Cor reageert direct als hij de beschuldigingen hoort: “Het waren er geen drie”, zegt hij over het aantal dode schapen. “Het waren er zes.”
De rechter veert verbaasd op. “Zes?”
“Ja”, zegt Cor.
Poolse bierblikjes
De officier verwijt Cor dat hij de omheining van de wei niet op orde had. De schapenboer, die zijn eigen verdediging voert, snuift. “Ik kon daar niks aan doen”, zegt hij. “Mijn accu was gestolen. Daardoor stond er geen stroom meer op de draden en zijn de schapen er doorheen gegaan.”

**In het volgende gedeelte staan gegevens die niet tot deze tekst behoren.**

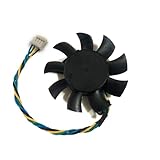 QWZOZST 45mm 4pin MGT5012XR-W10 VGA Kühler Lüfter Für Leadtek für Quadro K620 PNY P400 P600 P620 P1000 Grafikkarten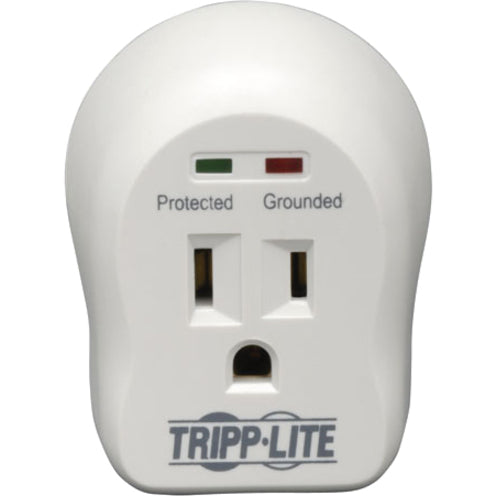 Tripp Lite SPIKECUBE Surge Suppressor, 1 Outlet, Direct Plug-In, Lifetime Warranty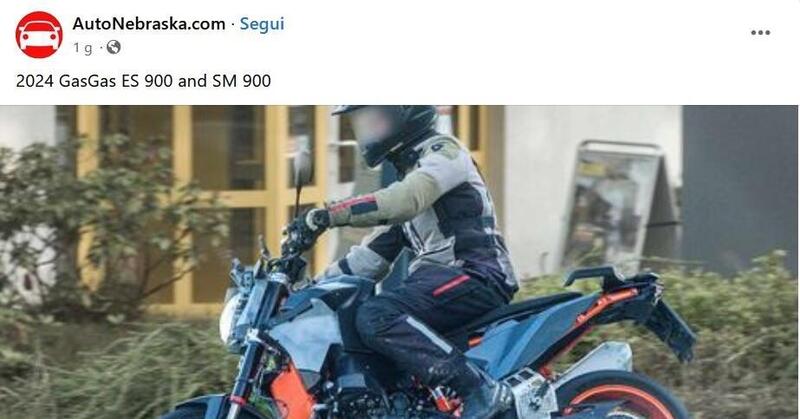 GASGAS, in sviluppo una piattaforma 900 cc?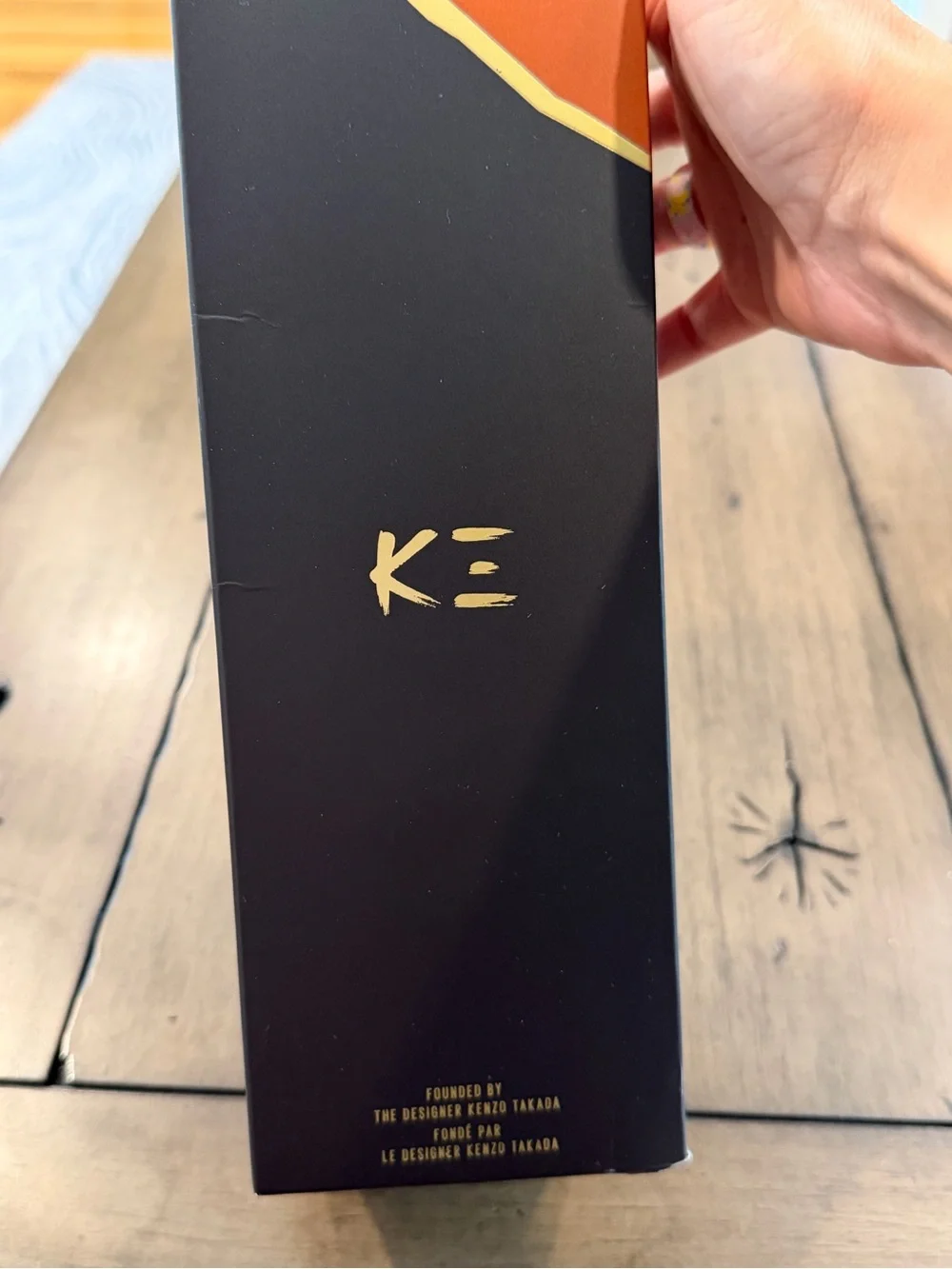 KÉ Amber Woods Reed Diffuser - Warm Woody Scent with Spiced Notes 092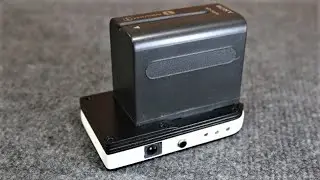 DIY NP-F 970 Battery Base Plate
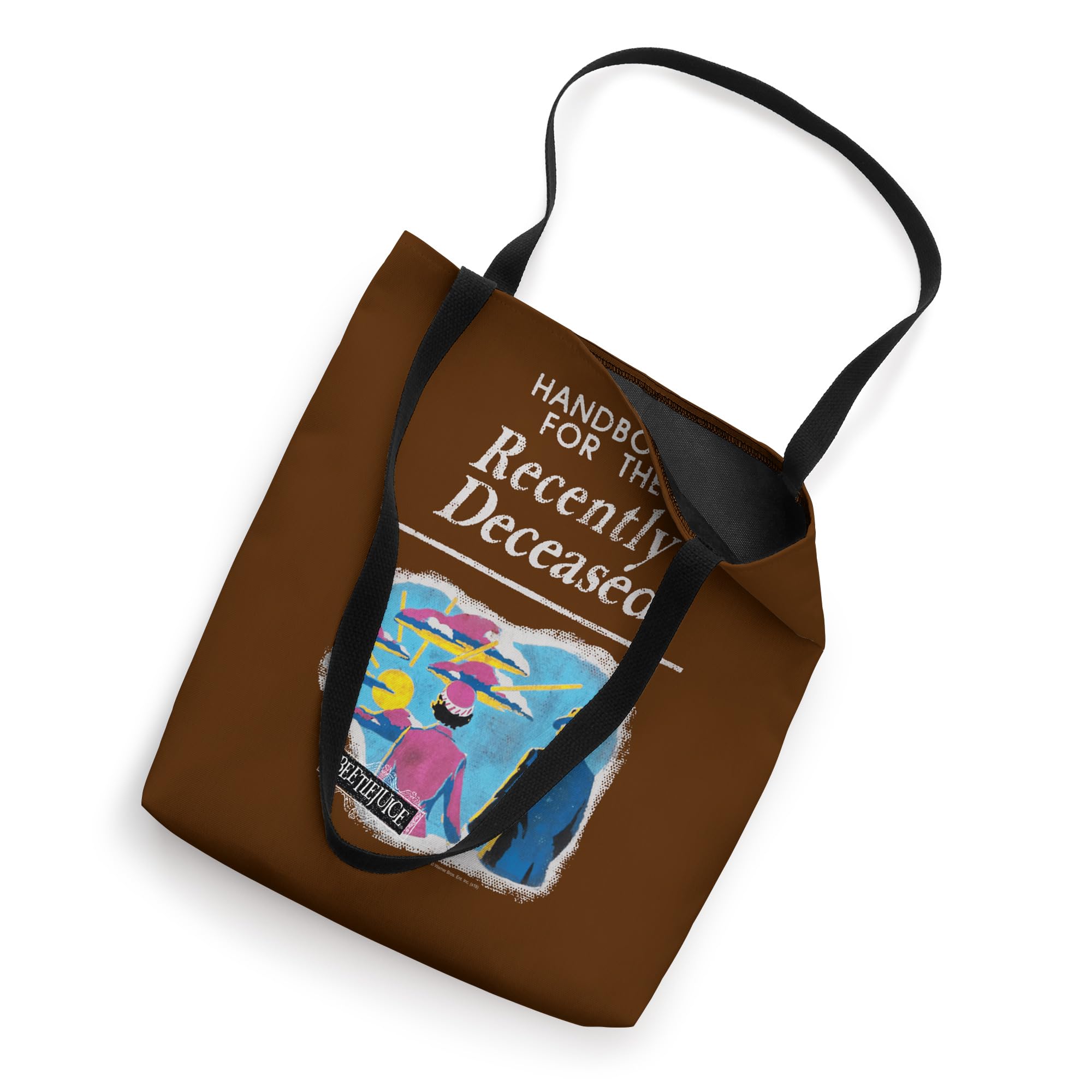 Beetlejuice The Handbook Tote Bag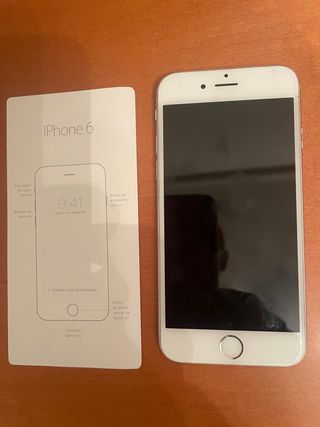 iPhone 6 Silver 64 GB（iPhone 6 Silver 64GB de Segunda mano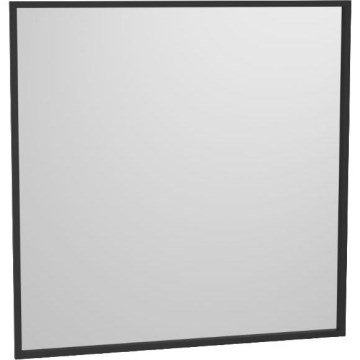 BATH DELUXE 01-080-05-02-00 - Μπάνιου καθρέφτης BORGSTED 80x80 cm μαύρο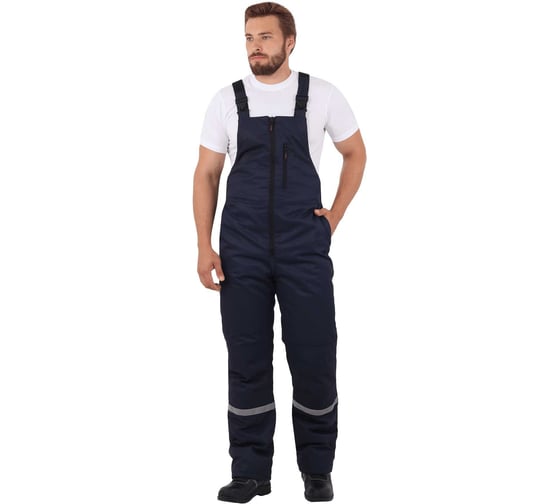 Полукомбинезон ГК Спецобъединение СПЕЦ зимний, синий (128-132, 182-188) Пком 531/128/182 1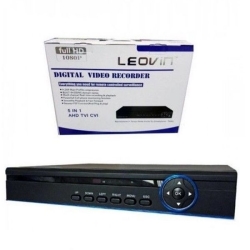 Leovin SISTEMA DI SORVEGLIANZA DVR XVR 4 CANALI 5IN1 (DX-D9404X)
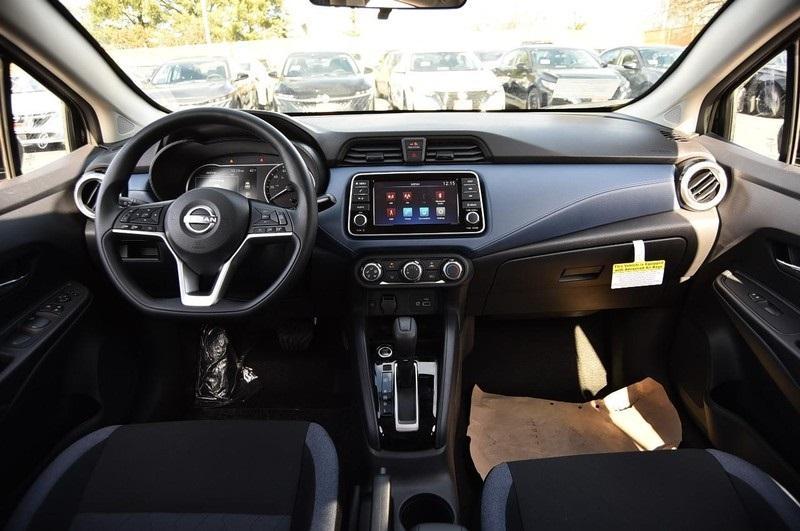 new 2025 Nissan Versa car, priced at $20,300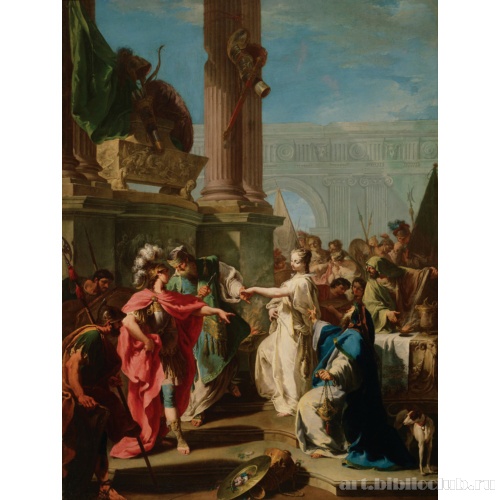 Жертвоприношение Поликсены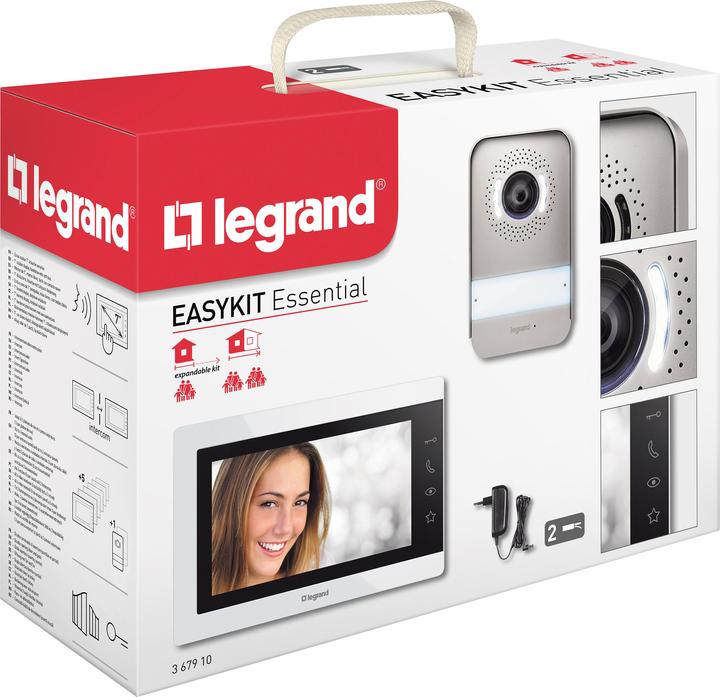 Legrand EASYKIT Essential video door intercom set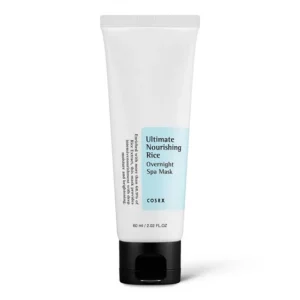 COSRX - Ultimate Nourishing Rice Overnight Spa Mask 60 ml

Wie de accudieven waren? Daarover heeft hij zo zijn vermoedens. “Ik kan het niet bewijzen, maar het was waarschijnlijk van dat volk dat veel buiten rondhangt. En die, als ze weg zijn, Poolse bierblikjes achterlaten.”
De schapenman vindt het verschrikkelijk wat er is gebeurd. “Want wat levert zo’n accu nou op? Twintig euro?”
Cor zegt dat hij de omheining weer heeft gerepareerd. “Dat heeft de dierenpolitie gezien. En het klopt helemaal niet dat er geen veilige drinkwatervoorziening was. Bij de sloot had ik een plateau gemaakt.”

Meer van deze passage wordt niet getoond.